#### YOUR ASSIGNMENT:
When the line with "Estate Auction in" comes up, set it down and every later line to the end of the data, exactly and without pictures.

#### MATERIAL SHOWN:
==================================================
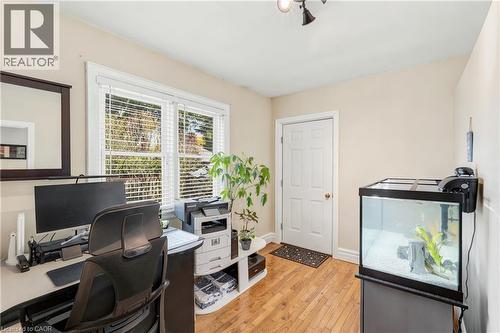 937 Park Avenue W, Burlington, ON - Indoor Photo Showing Office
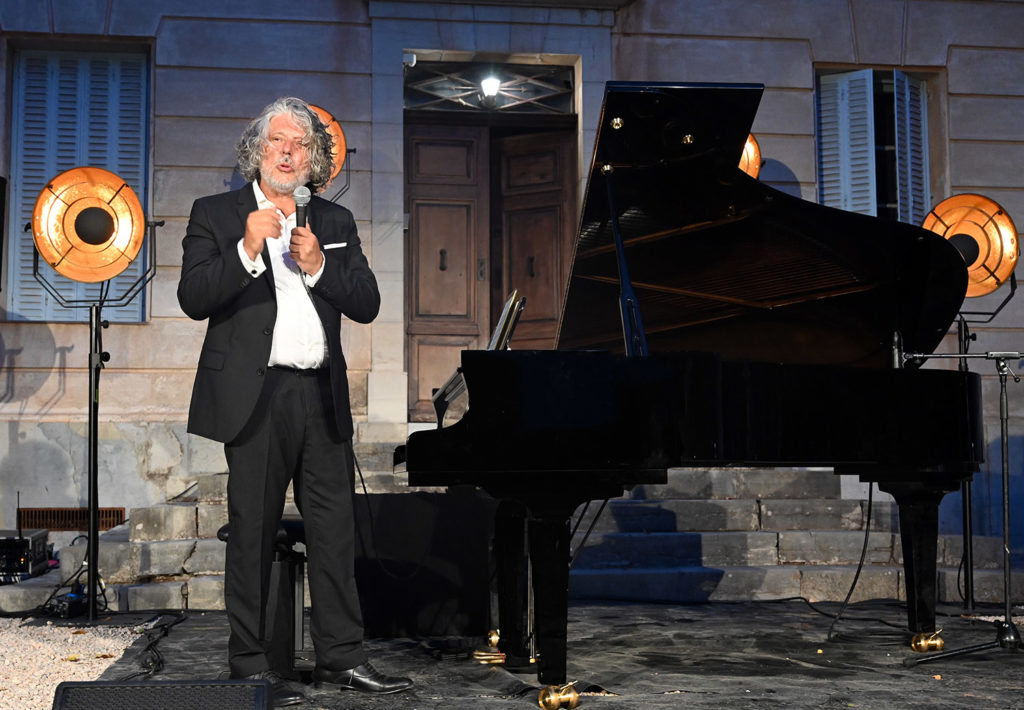 musicales vignes stefan cassar château saint martin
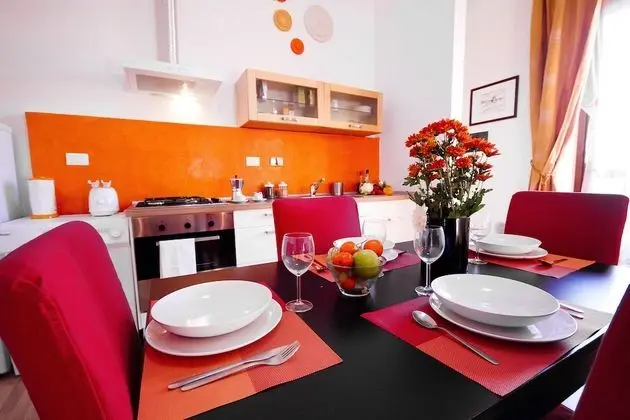 Basic Apart Daire (Raffaello)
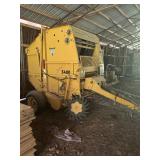 Estate Auction in Behalf of Roy Hoppmeyer Jr. 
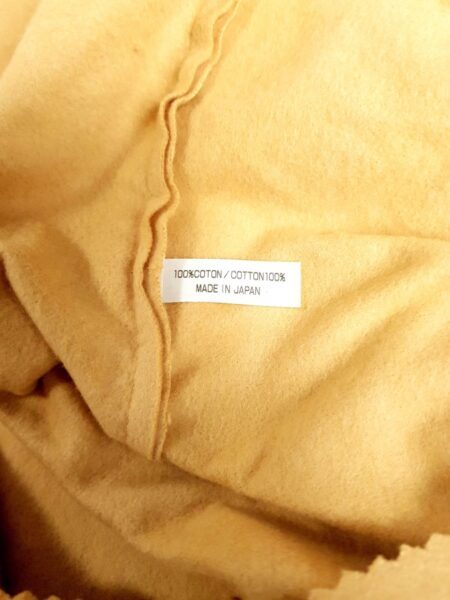 2502-Túi đeo vai-LOUIS VUITTON Thompson Street yellow vernis leather shoulder bag28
==================================================
#### ANSWER BOX:
 Estate Auction in Behalf of Roy Hoppmeyer Jr. 
 2502-Túi đeo vai-LOUIS VUITTON Thompson Street yellow vernis leather shoulder bag28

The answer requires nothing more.